Entre le ciel et la terre se trouve l’eau. Ou plutôt l’eau est dans les cieux, sous et sur la terre. L’eau depuis toujours nourrit les mythes fondateurs des différentes civilisations et grandes religions.
Selon le Coran, c’est par l’eau que Dieu créé et c’est par l’eau qu’il ressuscitera les morts. L’eau est aussi l’une des plaies d’Egypte et le châtiment du Déluge… Dans la Genèse, le deuxième jour Dieu sépare les eaux d’en haut et les eaux d’en bas afin de créer une terre ferme… un peu plus tard en voulant revenir sur sa création il libère les eaux d’en haut pour envoyer un déluge et punir les hommes… L’eau est ici le chaos.
Entre science et croyance, la Géologie des déluges est une étrange quête, qui traque à travers le monde des lignes de rivage hypothétiques, ces traces qu’aurait laissé l’eau au cours des siècles, comme des témoins possibles de catastrophes, montées des eaux qui surgiraient des profondeurs comme dans cet énigmatique extrait du Coran « et nous fîmes jaillir la terre en sources. » ou au contraire de par les cieux : « en ce jour-là se fendirent toutes les sources de l’immense abîme d’eau et les écluses des cieux s’ouvrirent ».
Depuis une vingtaine d’années, Abdelkader Benchamma revisite et fouille les origines de l’univers dans ses composantes morphologiques et symboliques.
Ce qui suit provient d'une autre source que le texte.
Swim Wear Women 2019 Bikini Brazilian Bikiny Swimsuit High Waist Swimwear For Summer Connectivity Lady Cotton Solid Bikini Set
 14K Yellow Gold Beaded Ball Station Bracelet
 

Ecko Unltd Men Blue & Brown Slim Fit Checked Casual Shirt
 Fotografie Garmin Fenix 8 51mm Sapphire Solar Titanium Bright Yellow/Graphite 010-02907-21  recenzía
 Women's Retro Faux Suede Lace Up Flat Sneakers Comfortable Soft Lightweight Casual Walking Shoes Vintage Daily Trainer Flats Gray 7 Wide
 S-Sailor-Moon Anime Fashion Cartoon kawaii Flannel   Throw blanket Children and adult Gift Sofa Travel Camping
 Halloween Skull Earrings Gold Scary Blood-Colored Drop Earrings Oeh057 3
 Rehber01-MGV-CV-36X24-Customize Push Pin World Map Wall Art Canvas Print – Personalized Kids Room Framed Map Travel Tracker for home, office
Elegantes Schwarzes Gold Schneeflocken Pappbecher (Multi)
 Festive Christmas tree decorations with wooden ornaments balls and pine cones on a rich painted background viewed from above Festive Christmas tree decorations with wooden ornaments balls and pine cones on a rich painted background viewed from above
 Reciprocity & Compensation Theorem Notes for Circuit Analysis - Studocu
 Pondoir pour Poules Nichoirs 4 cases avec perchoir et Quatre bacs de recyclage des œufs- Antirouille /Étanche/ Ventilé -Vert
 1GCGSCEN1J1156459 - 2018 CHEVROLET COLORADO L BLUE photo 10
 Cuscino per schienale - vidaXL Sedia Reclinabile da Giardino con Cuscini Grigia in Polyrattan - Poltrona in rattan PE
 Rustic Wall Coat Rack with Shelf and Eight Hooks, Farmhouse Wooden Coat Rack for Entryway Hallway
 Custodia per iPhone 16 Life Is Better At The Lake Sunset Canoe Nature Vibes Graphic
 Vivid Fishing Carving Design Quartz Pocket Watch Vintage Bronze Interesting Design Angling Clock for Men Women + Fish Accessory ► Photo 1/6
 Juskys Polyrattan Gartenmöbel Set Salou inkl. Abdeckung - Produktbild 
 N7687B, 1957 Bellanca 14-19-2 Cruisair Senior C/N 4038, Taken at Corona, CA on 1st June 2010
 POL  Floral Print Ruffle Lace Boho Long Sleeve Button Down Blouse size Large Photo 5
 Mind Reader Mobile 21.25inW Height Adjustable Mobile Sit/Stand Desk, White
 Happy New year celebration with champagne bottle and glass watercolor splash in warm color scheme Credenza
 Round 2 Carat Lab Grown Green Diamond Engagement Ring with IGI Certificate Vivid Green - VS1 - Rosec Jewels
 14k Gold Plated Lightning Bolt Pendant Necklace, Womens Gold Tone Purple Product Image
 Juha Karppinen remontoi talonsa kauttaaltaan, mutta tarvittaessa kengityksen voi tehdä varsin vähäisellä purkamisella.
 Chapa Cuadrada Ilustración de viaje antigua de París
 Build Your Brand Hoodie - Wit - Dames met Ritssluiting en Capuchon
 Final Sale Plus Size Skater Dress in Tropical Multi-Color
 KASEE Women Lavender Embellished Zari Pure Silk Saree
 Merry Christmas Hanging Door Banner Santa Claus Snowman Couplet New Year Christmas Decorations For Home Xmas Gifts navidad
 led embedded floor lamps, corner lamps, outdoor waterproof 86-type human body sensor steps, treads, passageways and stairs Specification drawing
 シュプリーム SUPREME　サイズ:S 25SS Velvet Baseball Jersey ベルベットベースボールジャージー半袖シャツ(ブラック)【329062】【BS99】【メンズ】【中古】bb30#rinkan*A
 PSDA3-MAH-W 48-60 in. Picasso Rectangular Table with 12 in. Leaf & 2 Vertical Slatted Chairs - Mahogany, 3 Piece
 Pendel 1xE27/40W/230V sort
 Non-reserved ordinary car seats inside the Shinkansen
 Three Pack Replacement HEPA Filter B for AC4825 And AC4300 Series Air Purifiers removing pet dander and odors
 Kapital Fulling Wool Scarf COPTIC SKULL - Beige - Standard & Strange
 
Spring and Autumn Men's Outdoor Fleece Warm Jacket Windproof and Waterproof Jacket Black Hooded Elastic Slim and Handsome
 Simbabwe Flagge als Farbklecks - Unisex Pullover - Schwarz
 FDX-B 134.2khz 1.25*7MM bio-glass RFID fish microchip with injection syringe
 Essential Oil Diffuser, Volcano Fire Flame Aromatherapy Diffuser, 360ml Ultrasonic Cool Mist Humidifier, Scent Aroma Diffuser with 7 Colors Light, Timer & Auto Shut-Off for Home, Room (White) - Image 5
Il formalise ses recherches et cet intérêt pour les strates du monde en inscrivant signes et reliefs sur les surfaces variées. L’artiste insuffle à ses ensembles, vibrations et rythmes. S’y décèlent des formes minérales, végétales, cosmiques, qui se déversent puissamment dans les espaces, chahutant le spectateur et prenant la forme de mondes instables. Nous traversons alors le centre d’art de la Fondation comme un territoire morcelé qui serait autant géologique que mythologique. Une caverne aux jaillissements ténébreux et un atlas aquatique nous guident vers une plaine karstique, elle s’érige aux abords de planètes asséchées, des queues de comètes inondent le territoire d’une eau extra-terrestre. Par le prisme de sculptures dessinées, d’incursions colorées sur le papier, de lithographies bi-chromiques et d’animations révélant des mondes ruisselants, tourmentés, aux flux incessants, l’artiste compose une cartographie fantastique où le dessin invasif côtoie les respirations. Les strates d’encre de ses dessins se superposent et s’agglomèrent, lentement, à l’image des nombreux sédiments qui façonnent le macrocosme.
Un monde tellurique se profile, l’eau et le minéral cohabitent.
De ces eaux qui inondent le monde et laissent des impacts visibles, des sillons sur les roches, Abdelkader Benchamma en révèle ses propres images.